Die Entscheidung des Yargıtay hat nicht nur politische, sondern auch rechtliche Auswirkungen. Eine Untersuchung gegen die Verfassungsrichter kann laut Gesetz nur durch einen Beschluss der Generalversammlung des Verfassungsgerichts eingeleitet werden. Die Situation führt zu wachsender Spannung zwischen den Gerichtsinstanzen und politischen Parteien.

Der Fall Can Atalay, ein inhaftierter Abgeordneter im Zusammenhang mit dem Gezi-Park-Prozess, gewinnt somit an politischer Bedeutung. Prominente Persönlichkeiten, darunter ein Mitbegründer der Regierungspartei und ein ehemaliger Premierminister, äußern sich zu diesem kontroversen Rechtsstreit. Die öffentliche Diskussion über die Unabhängigkeit der Justiz und den Rechtsstaat wird intensiver.

Prominente Persönlichkeiten wie der AKP-Mitbegründer Hüseyin Çelik und der ehemalige Premierminister Davutoğlu haben ihre Meinungen zu diesem ungewöhnlichen Rechtsstreit geäußert.

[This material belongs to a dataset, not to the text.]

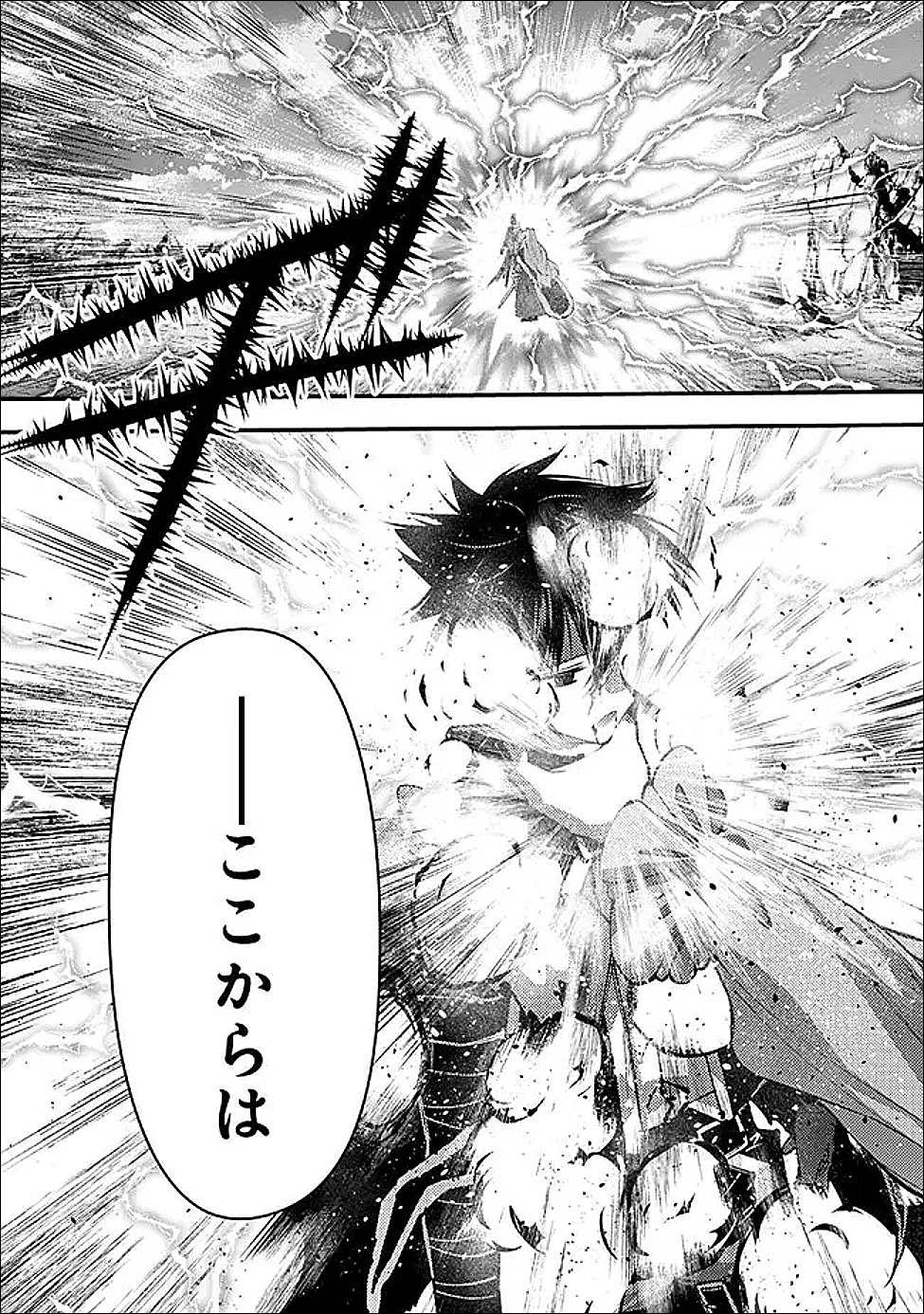 Fukushuu o Koinegau Saikyou Yuusha wa, Yami no Chikara de Senmetsu Musou Suru Chap 122 - Next Chap 123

Hüseyin Çelik gestand, dass die Türkei jetzt eine “eigene militante Justiz” habe, während Davutoğlu von einem “Angriff auf den Staat und die Rechtsordnung” sprach. Die Opposition, angeführt vom neuen Parteivorsitzenden (Parteiobmann) der Republikanischen Volkspartei CHP, Özgür Özel, reagiert auf die Entscheidung des Yargıtay mit einem Boykott der Parlamentssitzungen. “Um die Justizkrise und den Putschversuch im Fokus zu behalten, beginnen wir ab heute mit dem Boykott der Generalversammlung des türkischen Parlaments.”

Der erfahrene Justizreporter Alican Uludağ wies auf den Konflikt zwischen der AKP und MHP in der entstandenen verfassungsmäßigen Justizkrise hin: “Die MHP hat Schritt für Schritt die AKP umzingelt. Wie im Fall des Yargıtay wird sie, wenn die Partnerschaft endet, die Macht haben, gegen die AKP vorzugehen.”

Die Nichtanerkennung der Verfassungsgerichtsentscheidung durch das Yargıtay führt zu einer Krise im Bereich der Rechtsstaatlichkeit, deren weitere Entwicklung mit Spannung erwartet wird. Die anhaltenden Spannungen zwischen den verschiedenen Gerichtsinstanzen und politischen Parteien werden weiterhin aufmerksam verfolgt.